Use of Lapacian operator in Operations Research Book

[hotvette]

I've been studying the book "Numerical Optimization" by Jorge Nocedal and Stephan J. Wright published by Springer, 1999. I'm puzzled by the use of the Laplacian operator $\nabla^2$ in chapter 10 on nonlinear least squares and in the appendix to define the Hessian matrix. The following is from pages 252 and 582:


$$\begin{align*}
\nabla f(x) &= \sum_{j=1}^m r_j(x) \nabla r_j(x) = J(x)^T r(x) \\
\nabla^2 f(x) &= \sum_{j=1}^m \nabla r_j(x) \nabla r_j(x)^T + \sum_{j=1}^m r_j(x) \nabla^2 r_j(x) \\
&= J(x)^T J(x) + \sum_{j=1}^m r_j(x) \nabla^2 r_j(x)
\end{align*}$$
The matrix of second partial derivatives of $f$ is known as the Hessian, and is defined as

$$
\nabla^2 f(x) = \begin{bmatrix}
\frac{\partial^2 f}{\partial x_1^2} & \frac{\partial^2 f}{\partial x_1 \partial x_2} & \dots & \frac{\partial^2 f}{\partial x_1 \partial x_n} \\
\frac{\partial^2 f}{\partial x_2 \partial x_1} & \frac{\partial^2 f}{\partial x_2^2} & \dots & \frac{\partial^2 f}{\partial x_2 \partial x_n} \\
\vdots & \vdots && \vdots \\
\frac{\partial^2 f}{\partial x_n \partial x_1} & \frac{\partial^2 f}{\partial x_n \partial x_2} & \dots & \frac{\partial^2 f}{\partial x_n^2}
\end{bmatrix}
$$


Is it my imagination that the Laplacian operator is being improperly used?

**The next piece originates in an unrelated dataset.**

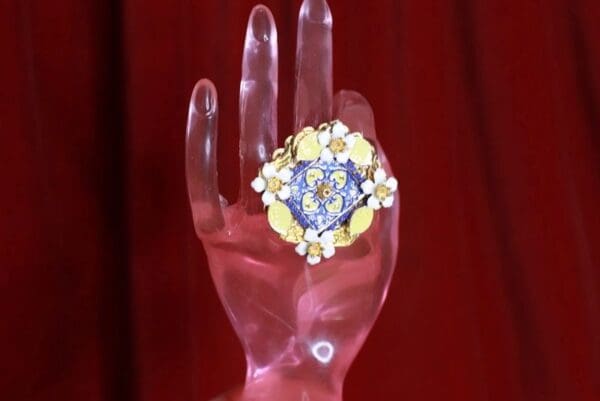 A hand holding something with a heart on it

My understanding is that the Laplacian is:

$$
\nabla^2 f(x) = \frac{\partial^2 f}{\partial x_1^2} + \frac{\partial^2 f}{\partial x_2^2} + \dots + \frac{\partial^2 f}{\partial x_n^2}
$$
which is the trace of the Hessian.

 

[anuttarasammyak]

On websites I found various expressions of Hessian matrix.
I think one in https://en.m.wikipedia.org/wiki/Hessian_matrix
Is modest. Laplacian is inner product and Hessian is tensor product of $\nabla$ vectors, they seem.